前半の政治劇(セリフ劇)が圧倒的。ゴジラ東京上陸という前例のない事態にトップダウンでは物事を決められない日本のポリティクスに絶望できる。
進化速度が速いゴジラに対して自衛隊最初の一斉攻撃が完全に失敗し首相を失ってから、国内の雰囲気が全く変わる。
核使用の外圧がのしかかる中、若手政治家と嫌われ者官僚のチームは、ゴジラ研究の第一人者牧博士が遺した対ゴジラ血液凝固剤の使用とその効果にかける。

前半はゴジラ映画でなかったが楽しく見た。

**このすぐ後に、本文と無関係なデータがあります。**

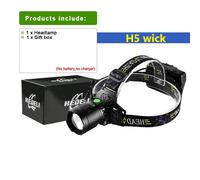 B-H5-Box1 - Lampe Frontale À Led Avec Capteur Ir, Alimentée Par Batterie 18650 Rechargeable Par Usb, Durée De Vie 18 Heures, 600 000lm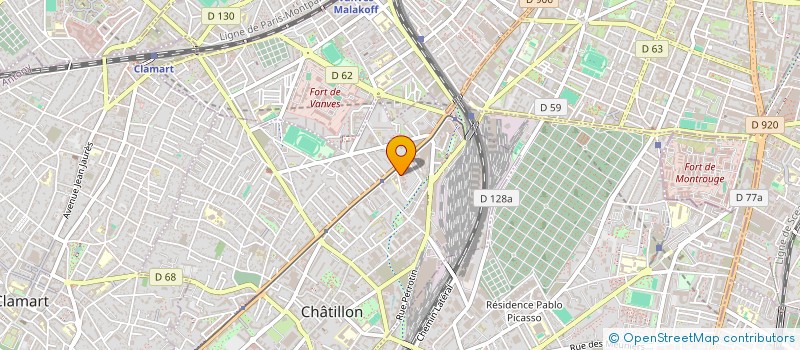 localisation de l'entreprise MADAME AXELLE LALUNG  CHATILLON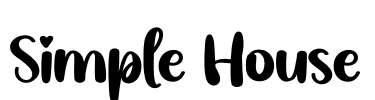 Simple House Font Image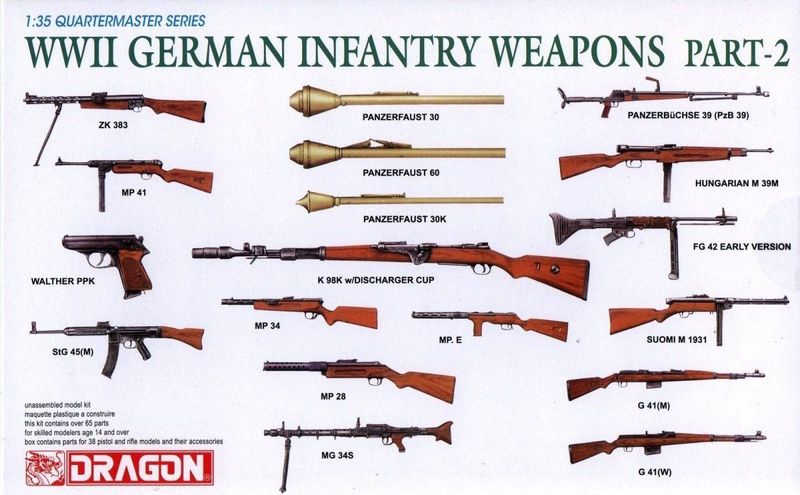 DRAGON DR3816 1/35 WWII German Infantry Weapons - Part 2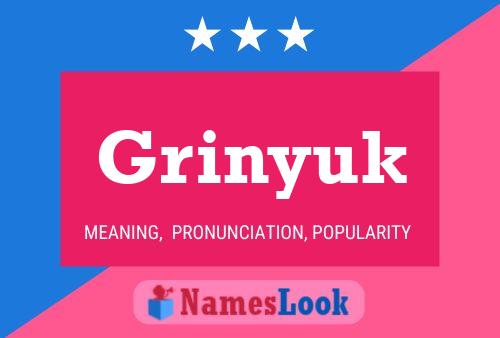 Постер имени Grinyuk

ただ内容に映像は不要でラジオドラマで十分である。石原さとみは滑舌が悪い。後半は随分ゴジラ映画っぽくなったが、ゴジラの生理学的性質や血液凝固剤の理屈付けが難しくてついていけず。
造形については、ゴジラの目が嫌だった。ジロリと睨みを利かす目が好きだったのだ。
野村萬斎のゴジラ役起用についても疑問を覚える。まったくもって歩いているのは野村萬斎だった、個性が強すぎる。専門のスーツアクターにやらせるべきだった。

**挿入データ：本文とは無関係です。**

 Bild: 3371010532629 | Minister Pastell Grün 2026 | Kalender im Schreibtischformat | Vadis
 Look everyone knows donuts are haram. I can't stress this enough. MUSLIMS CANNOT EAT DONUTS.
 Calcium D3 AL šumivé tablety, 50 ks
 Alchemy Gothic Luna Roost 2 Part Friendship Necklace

この映画はゴジラでなければ、新ゴジラでも真ゴジラでもない。ただのシン・ゴジラだ。

庵野総監督(脚本)は実写の特撮部分に口を挟んだのだろうか。もちろん樋口監督の分担だったのだろうが、はっきり言って明るい画面で映すのは無理だ。夜行性にした方が誤魔化しが利いた。山﨑貴監督やアメリカVFXと比べるとかなりの格差を感ずる。

それより早く映画「シン・ヱヴァンゲリヲン」を作るのです。